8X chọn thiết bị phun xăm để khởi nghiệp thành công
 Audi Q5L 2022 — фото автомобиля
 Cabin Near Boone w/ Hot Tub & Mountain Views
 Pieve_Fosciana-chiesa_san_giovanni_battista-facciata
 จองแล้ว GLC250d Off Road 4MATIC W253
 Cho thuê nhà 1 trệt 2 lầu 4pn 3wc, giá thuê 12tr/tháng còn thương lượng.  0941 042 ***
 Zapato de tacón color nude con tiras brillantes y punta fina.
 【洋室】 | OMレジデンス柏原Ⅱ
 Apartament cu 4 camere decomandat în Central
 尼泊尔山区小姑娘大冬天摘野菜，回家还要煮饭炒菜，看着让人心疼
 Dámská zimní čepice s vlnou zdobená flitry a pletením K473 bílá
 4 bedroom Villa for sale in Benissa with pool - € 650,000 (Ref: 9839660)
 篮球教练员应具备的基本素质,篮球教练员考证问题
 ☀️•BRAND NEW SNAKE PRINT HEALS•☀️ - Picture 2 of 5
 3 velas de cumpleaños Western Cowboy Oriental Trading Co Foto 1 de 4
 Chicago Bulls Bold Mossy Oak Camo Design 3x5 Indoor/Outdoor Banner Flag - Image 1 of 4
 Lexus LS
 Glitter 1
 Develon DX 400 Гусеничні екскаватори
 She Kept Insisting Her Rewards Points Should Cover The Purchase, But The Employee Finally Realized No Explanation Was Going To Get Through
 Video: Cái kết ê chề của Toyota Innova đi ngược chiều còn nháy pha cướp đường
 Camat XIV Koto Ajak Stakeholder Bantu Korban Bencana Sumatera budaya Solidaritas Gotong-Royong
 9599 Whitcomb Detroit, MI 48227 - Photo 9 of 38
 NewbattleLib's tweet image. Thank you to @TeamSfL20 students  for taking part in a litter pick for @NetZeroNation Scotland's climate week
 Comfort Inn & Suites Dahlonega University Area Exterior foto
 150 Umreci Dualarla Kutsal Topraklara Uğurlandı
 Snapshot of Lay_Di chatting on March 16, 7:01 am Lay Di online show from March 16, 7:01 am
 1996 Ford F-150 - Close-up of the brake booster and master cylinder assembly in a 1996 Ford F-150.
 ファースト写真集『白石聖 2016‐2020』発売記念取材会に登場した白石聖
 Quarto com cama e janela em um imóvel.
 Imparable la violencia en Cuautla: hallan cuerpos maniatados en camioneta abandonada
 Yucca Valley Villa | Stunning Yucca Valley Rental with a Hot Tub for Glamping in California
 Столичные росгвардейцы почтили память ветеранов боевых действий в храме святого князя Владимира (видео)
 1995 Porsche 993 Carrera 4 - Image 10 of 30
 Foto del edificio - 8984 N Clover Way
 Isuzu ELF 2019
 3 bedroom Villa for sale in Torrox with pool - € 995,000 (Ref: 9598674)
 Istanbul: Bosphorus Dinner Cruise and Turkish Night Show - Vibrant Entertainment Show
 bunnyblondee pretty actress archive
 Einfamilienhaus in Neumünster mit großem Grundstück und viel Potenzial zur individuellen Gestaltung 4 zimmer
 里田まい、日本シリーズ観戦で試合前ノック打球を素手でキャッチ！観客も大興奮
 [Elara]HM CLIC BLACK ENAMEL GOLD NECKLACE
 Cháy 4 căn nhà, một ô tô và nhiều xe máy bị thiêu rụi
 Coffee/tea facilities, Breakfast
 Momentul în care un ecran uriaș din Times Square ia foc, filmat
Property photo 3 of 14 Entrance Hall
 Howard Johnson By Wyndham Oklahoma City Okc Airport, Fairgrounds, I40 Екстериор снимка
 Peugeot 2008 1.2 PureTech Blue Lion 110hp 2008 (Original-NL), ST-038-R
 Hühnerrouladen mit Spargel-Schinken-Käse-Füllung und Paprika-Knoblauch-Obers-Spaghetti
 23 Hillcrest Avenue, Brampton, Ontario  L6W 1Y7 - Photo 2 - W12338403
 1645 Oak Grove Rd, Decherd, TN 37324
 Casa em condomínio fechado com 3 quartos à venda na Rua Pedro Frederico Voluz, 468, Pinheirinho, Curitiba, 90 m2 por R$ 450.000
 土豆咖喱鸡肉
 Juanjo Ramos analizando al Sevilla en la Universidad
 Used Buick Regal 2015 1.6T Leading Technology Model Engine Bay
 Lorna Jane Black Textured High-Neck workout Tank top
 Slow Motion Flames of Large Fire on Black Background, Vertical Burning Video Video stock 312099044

——

[WORK TO BE COMPLETED]: Output each record precisely as given.

[EXPECTED ANSWER]:
8X chọn thiết bị phun xăm để khởi nghiệp thành công
 Audi Q5L 2022 — фото автомобиля
 Cabin Near Boone w/ Hot Tub & Mountain Views
 Pieve_Fosciana-chiesa_san_giovanni_battista-facciata
 จองแล้ว GLC250d Off Road 4MATIC W253
 Cho thuê nhà 1 trệt 2 lầu 4pn 3wc, giá thuê 12tr/tháng còn thương lượng.  0941 042 ***
 Zapato de tacón color nude con tiras brillantes y punta fina.
 【洋室】 | OMレジデンス柏原Ⅱ
 Apartament cu 4 camere decomandat în Central
 尼泊尔山区小姑娘大冬天摘野菜，回家还要煮饭炒菜，看着让人心疼
 Dámská zimní čepice s vlnou zdobená flitry a pletením K473 bílá
 4 bedroom Villa for sale in Benissa with pool - € 650,000 (Ref: 9839660)
 篮球教练员应具备的基本素质,篮球教练员考证问题
 ☀️•BRAND NEW SNAKE PRINT HEALS•☀️ - Picture 2 of 5
 3 velas de cumpleaños Western Cowboy Oriental Trading Co Foto 1 de 4
 Chicago Bulls Bold Mossy Oak Camo Design 3x5 Indoor/Outdoor Banner Flag - Image 1 of 4
 Lexus LS
 Glitter 1
 Develon DX 400 Гусеничні екскаватори
 She Kept Insisting Her Rewards Points Should Cover The Purchase, But The Employee Finally Realized No Explanation Was Going To Get Through
 Video: Cái kết ê chề của Toyota Innova đi ngược chiều còn nháy pha cướp đường
 Camat XIV Koto Ajak Stakeholder Bantu Korban Bencana Sumatera budaya Solidaritas Gotong-Royong
 9599 Whitcomb Detroit, MI 48227 - Photo 9 of 38
 NewbattleLib's tweet image. Thank you to @TeamSfL20 students  for taking part in a litter pick for @NetZeroNation Scotland's climate week
 Comfort Inn & Suites Dahlonega University Area Exterior foto
 150 Umreci Dualarla Kutsal Topraklara Uğurlandı
 Snapshot of Lay_Di chatting on March 16, 7:01 am Lay Di online show from March 16, 7:01 am
 1996 Ford F-150 - Close-up of the brake booster and master cylinder assembly in a 1996 Ford F-150.
 ファースト写真集『白石聖 2016‐2020』発売記念取材会に登場した白石聖
 Quarto com cama e janela em um imóvel.
 Imparable la violencia en Cuautla: hallan cuerpos maniatados en camioneta abandonada
 Yucca Valley Villa | Stunning Yucca Valley Rental with a Hot Tub for Glamping in California
 Столичные росгвардейцы почтили память ветеранов боевых действий в храме святого князя Владимира (видео)
 1995 Porsche 993 Carrera 4 - Image 10 of 30
 Foto del edificio - 8984 N Clover Way
 Isuzu ELF 2019
 3 bedroom Villa for sale in Torrox with pool - € 995,000 (Ref: 9598674)
 Istanbul: Bosphorus Dinner Cruise and Turkish Night Show - Vibrant Entertainment Show
 bunnyblondee pretty actress archive
 Einfamilienhaus in Neumünster mit großem Grundstück und viel Potenzial zur individuellen Gestaltung 4 zimmer
 里田まい、日本シリーズ観戦で試合前ノック打球を素手でキャッチ！観客も大興奮
 [Elara]HM CLIC BLACK ENAMEL GOLD NECKLACE
 Cháy 4 căn nhà, một ô tô và nhiều xe máy bị thiêu rụi
 Coffee/tea facilities, Breakfast
 Momentul în care un ecran uriaș din Times Square ia foc, filmat
Property photo 3 of 14 Entrance Hall
 Howard Johnson By Wyndham Oklahoma City Okc Airport, Fairgrounds, I40 Екстериор снимка
 Peugeot 2008 1.2 PureTech Blue Lion 110hp 2008 (Original-NL), ST-038-R
 Hühnerrouladen mit Spargel-Schinken-Käse-Füllung und Paprika-Knoblauch-Obers-Spaghetti
 23 Hillcrest Avenue, Brampton, Ontario  L6W 1Y7 - Photo 2 - W12338403
 1645 Oak Grove Rd, Decherd, TN 37324
 Casa em condomínio fechado com 3 quartos à venda na Rua Pedro Frederico Voluz, 468, Pinheirinho, Curitiba, 90 m2 por R$ 450.000
 土豆咖喱鸡肉
 Juanjo Ramos analizando al Sevilla en la Universidad
 Used Buick Regal 2015 1.6T Leading Technology Model Engine Bay
 Lorna Jane Black Textured High-Neck workout Tank top
 Slow Motion Flames of Large Fire on Black Background, Vertical Burning Video Video stock 312099044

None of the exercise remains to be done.